Anticipatory grief, also known as preparatory grief, refers to a feeling of grief occurring before an impending loss. Typically, the impending loss is the death of someone close due to illness. This can be experienced by dying individuals themselves and can also be felt due to non-death-related losses like a pending divorce, company downsizing, or war.

Since its introduction in the 1940s, the definition of anticipatory grief has remained contested, and its use in academic research has been marked by some inconsistency. There is also no clear consensus on its psychological impact, with studies reporting both beneficial and adverse effects.

==History==

Psychiatrist Erich Lindemann introduced anticipatory grief in his analysis of acute grief and grief reactions, studying the prevalent case of anticipatory grief in the wife of a deployed soldier. He found that the wife experienced the impending grief as she expected her husband not to return home alive. She processed the death entirely and adjusted to the idea of a future without her husband. However, many returning soldiers found their wives wanting a divorce as soon as they returned home as a result of fully processed grief.

== Conceptual clarification and terminology ==
Although the term anticipatory grief is widely used to describe emotional responses that occur before the death of a loved one, its definition remains disputed. A systematic review by Singer et al. (2022) identified more than 18 terms -- including anticipatory grief, pre-death grief, caregiver grief and chronic sorrow -- and over 30 distinct definitions for grief prior to death. Fewer than 15 % of the studies they examined adopted definitions proposed by early theorists such as Lindemann or Rando, and these were also applied inconsistently.

Lindemann framed anticipatory grief as a future-oriented reaction to an expected death, in which the mourners rehearse and emotionally prepare for the impending separation. Rando's framework situates anticipatory grief in the present, emphasising grief over ongoing losses during the illness trajectory -- such as changes in the patient's abilities, roles and personality.

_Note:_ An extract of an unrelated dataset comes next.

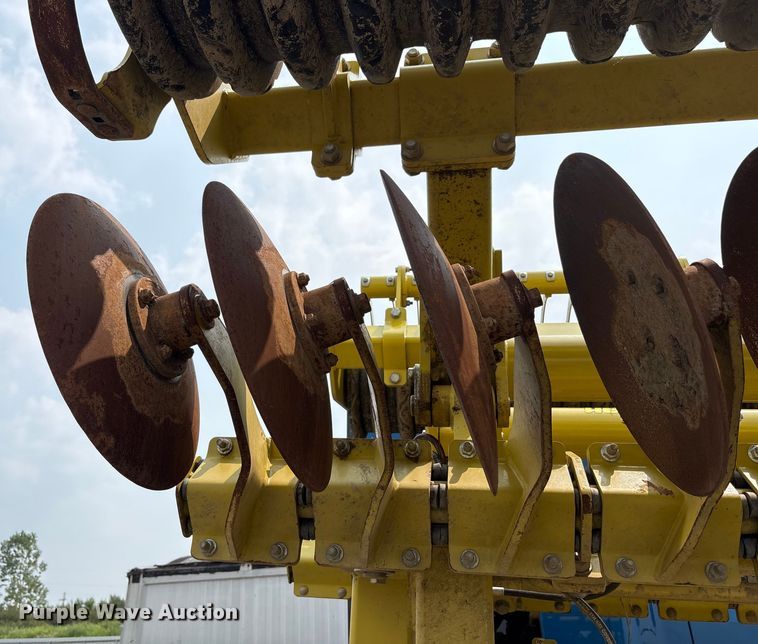 image for item YA0730 Degelman  Pro-Till 14 disk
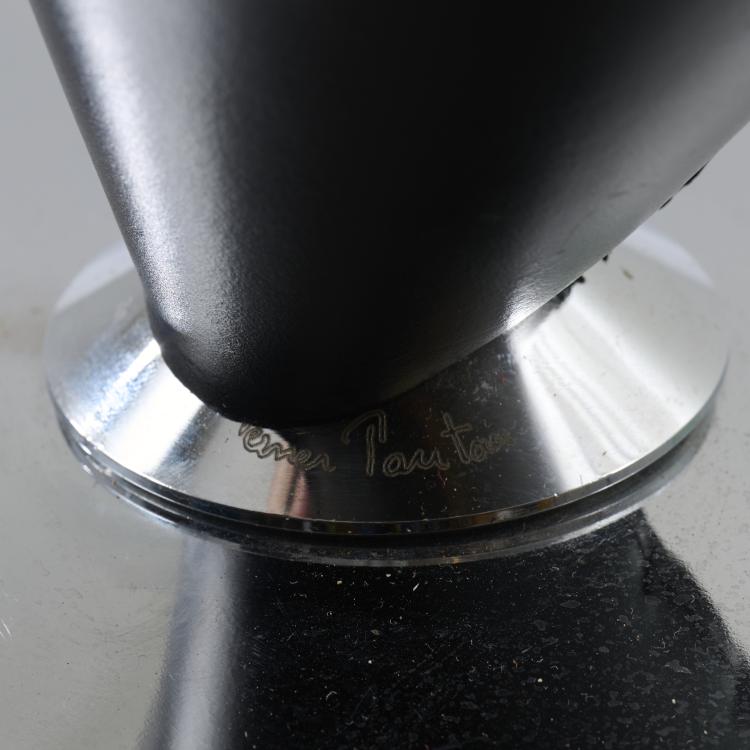 Bild 1 zu Objekt, Sessel 'Cone chair - VP01', 1958 / 1994, Verner Panton, Polythema, Erding, 167B 485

Despite their influence, these two conceptualisations account for only a minority of published studies; many papers either omit a definition altogether or conflate several constructs under a single label. Conceptual ambiguity, together with overlapping or poorly specified measurement tools, hampers comparison across studies and has contributed to conflicting evidence about whether anticipatory grief mitigates or worsens post-lost distress.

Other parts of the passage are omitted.